И когда стали собираться ребята, когда собрался уже весь класс – Маша все плакала, никак не могла остановиться, а это был небывалый, удивительный случай – чтоб плакала Маша, и все с откровенной неприязнью смотрели на Риту, ведь их застали вдвоем. Никто не знал, в чем дело, но все сочувствовали Маше, все осуждали Риту, тем более что у нее вообще не было в классе друзей. И она уже думала не об истине, а о том лишь, чтобы не оказаться с глазу на глаз с целым классом – жутко было представить, как бы все на нее накинулись, – на нее и теперь смотрели так, что дай только Маша повод... Но повода Маша не дала, и это оказалось единственным, в чем Рите повезло тем утром...
Тогда она отправилась к Теренции Павловне, классной руководительнице девятого «Б». Собственно, даже не отправилась – ей и отправляться никуда не надо было, потому что Теренция Павловна сама пришла в девятый «Б», когда начался урок физкультуры. Она сюда пришла для того, чтобы в тишине и уединении произвести подсчет баллов, которые получил ее класс по всем показателям, предусмотренным экспериментом, и принесла с собой маленькие портативные счеты, пластмассовые, с косточками-бусинками. В связи с вычислительными операциями, которыми занимались теперь учителя, завхоз Вдовицын закупил на базе три или четыре десятка счет, но то были обыкновенные, грубые, конторские счеты, и Теренция Павловна купила себе в «Детском мире» миниатюрные, игрушечные, однако, вполне пригодные для работы.
Что же до Риты, то она сказала преподавательнице физкультуры, что плохо себя чувствует, недомогает, что у нее озноб и кружится голова, и вернулась в класс из спортзала как раз в тот момент, когда Теренция Павловна, держа в одной руке надкушенный пончик из школьного буфета, другой уже начала пощелкивать красно-белыми бусинками.
Рита сначала извинилась, что отрывает Теренцию Павловну от ее важного, требующего сосредоточенности занятия, а потом села напротив Теренции Павловны, тяжело вздохнула и рассказала ей всю-всю горькую правду про Таню Ларионову...

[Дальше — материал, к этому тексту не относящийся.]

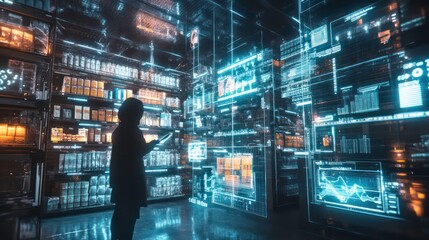 A person interacts with digital data in a futuristic data storage environment.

Стоит ли говорить, что чудный, свежий, воздушный пончик так и остался недоеденным, стоит ли описывать, как выпал он из ослабевших пальцев, Теренции Павловны, и как он лежал на тетрадке с аккуратными графами для подсчетов и вычислений, и как от него расплывалось, растекалось по странице, пропитывая ее насквозь, масляное пятно – все это свободно представит себе сам читатель, а заодно – и тон, которым Теренция Павловна произнесла: «Какой ужас!..»
Да, именно эти слова произнесла она, едва Рита начала свой рассказ, и она эти слова повторяла много раз, и с каждым разом Рита обретала все более уверенности, а голос ее – звучности и вдохновения...

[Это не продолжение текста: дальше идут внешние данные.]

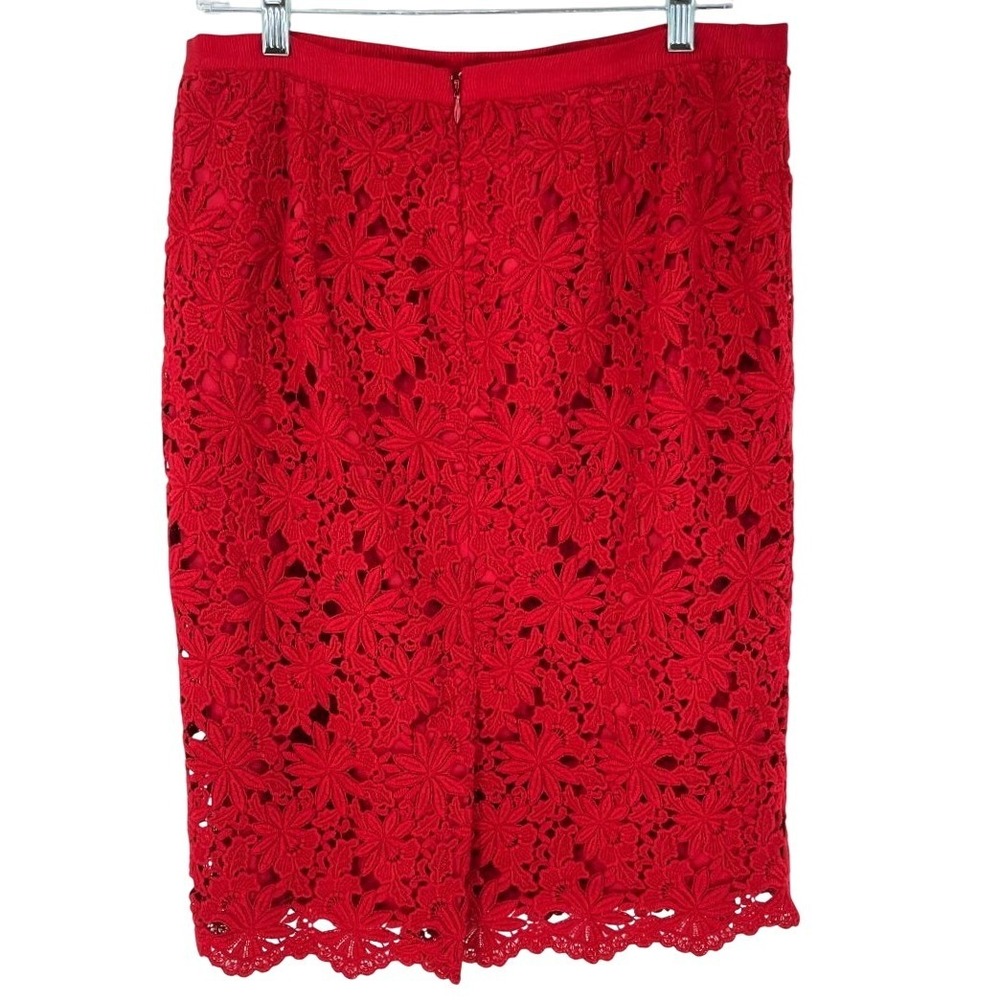 Talbots Red Floral Lace Crochet Overlay Pencil Skirt 12 Scalloped Hem Classic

Надо сказать, что Теренция Павловна была из тех учителей, которые любят, чтобы их любили. Однако, вопреки желанию Теренции Павловны, ее не любили в девятом «Б». Всем казалось, что за ее откровенностью кроется хитрость, за простодушием – расчет, за непосредственностью – игра в непосредственность... Эти же качества подозревала в ней и Рита, однако на них-то и надеялась она теперь...
Но, как мы увидим, она, в общем правильно оценивая некоторые стороны характера Теренции Павловны, кое в чем, однако, их переоценила.

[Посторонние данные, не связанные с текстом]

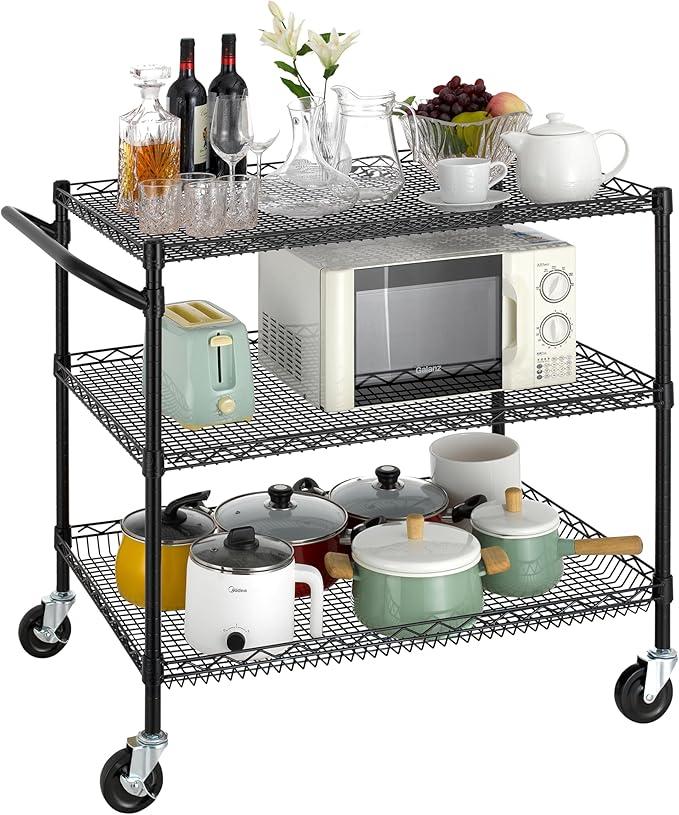 Finnhomy 3 Tier Heavy Duty Commercial Grade Utility Cart, Wire Rolling Cart with Handle Bar, Steel Service Cart with Wheels, Kitchen Carts on Wheels, Metal Cart Shelf Size 24" D x 36" W, NSF, Black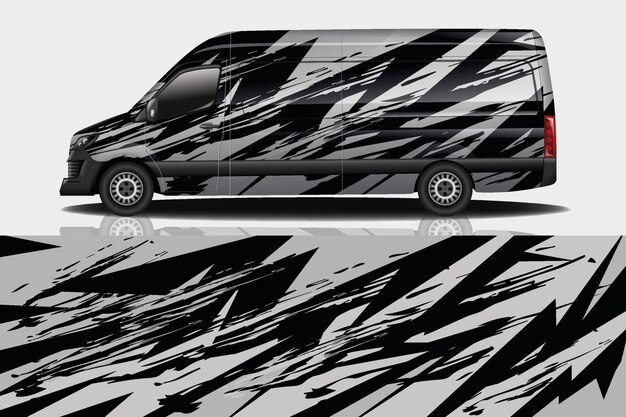 Diseño de envoltura de calcomanía de Van Car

Итак, Теренция Павловна сказала: «Какой ужас!» – и на этот раз она не лицемерила... То, что она услышала от Риты, действительно представилось ей ужасным!
И тут она посмотрела на пончик, на тетрадку, на страшное, неуничтожимое пятно...
– Как же так? – сказала Теренция Павловна.– Как же так?.. Ты только подумай, девочка моя, что ты такое говоришь? Ведь ты представляешь, что это значит?.. Для нашего класса? Для школы? Для всех?.. Ты представляешь?..
– Я представляю,– сказала Рита, но не так уверенно, как ей бы хотелось.
– Вот видишь,– сказала Теренция Павловна,– ты представляешь! Но если ты представляешь, то как же ты можешь так говорить?.. Ведь ты же помнишь, как об этом писали в газете? Ведь ты это помнишь?..
– Помню...
– Вот видишь, ты сама все помнишь! И не только в газете... А наша школьная линейка, первого сентября?.. Ведь это же было так празднично, так трогательно, так... Эти флаги, эти лица, эта тишина?..
– Я помню,– сказала Рита, у которой уже туманилось, кружилось в голове. – Я все помню, но ведь, Теренция Павловна...
– Нет, нет, ни слова больше, девочка моя! Ни слова, ни слова больше!.. Конечно, я понимаю, все, абсолютно все могут ошибаться, и я могу ошибиться, и ты можешь ошибиться, и кто, кто только не может ошибиться!.. Но ведь если все могут ошибиться, то и ты, и ты можешь?.. Ведь ты можешь ошибиться?..
– Могу...– сказала Рита. Она видела уже Теренцию Павловну как бы сквозь мутную пелену, и эта пелена то сгущалась, наползая на саму Риту, то редела, и тогда сквозь нее проступали черные, огромные, вибрирующие от страха зрачки.
– Но если ты сама все понимаешь, не будем больше об этом говорить! Я очень тебя прошу!..
И Рита с отчаянием увидела, что напрасно искала у Теренции Павловны поддержки... Но она была сообразительной девочкой! Она знала теперь, у кого эту поддержку надо искать!..
...Андрей Владимирович Рюриков дослушал ее до конца, не перебивая, и тут она вполне оправилась после разговора с Теренцией Павловной – сумятица в душе ее улеглась, и Рита дала волю своим чувствам! С первого же мгновения, с того мгновения, как она упомянула о Платоне и об истине, которая дороже дружбы – ей очень кстати пришло это на ум, о Платоне и об истине – у нее дрогнули ноздри и они продолжали дрожать все время, пока она говорила,– а она знала, какое это производит впечатление – когда вздрагивают ноздри, и пламенеет взгляд, и на лбу, как бы от ветра, бьется завитая в колечко прядка волос... Кроме того, она знала, что Рюриков – маленький, угрюмый, бескомпромиссный Рюриков – был добр, был отзывчив, но малейшая ложь выводила его из себя. Тогда он вспыхивал, он гремел, а глаза его метали смертельные молнии!.. Она обычно страшилась этих молний, но на этот раз с нетерпением ждала, когда они засверкают, тем более, что дело происходило в кабинете истории, увешанном картами, схемами знаменитых сражений, хронологическими таблицами, портретами великих людей. Все это придавало ее словам особую значительность.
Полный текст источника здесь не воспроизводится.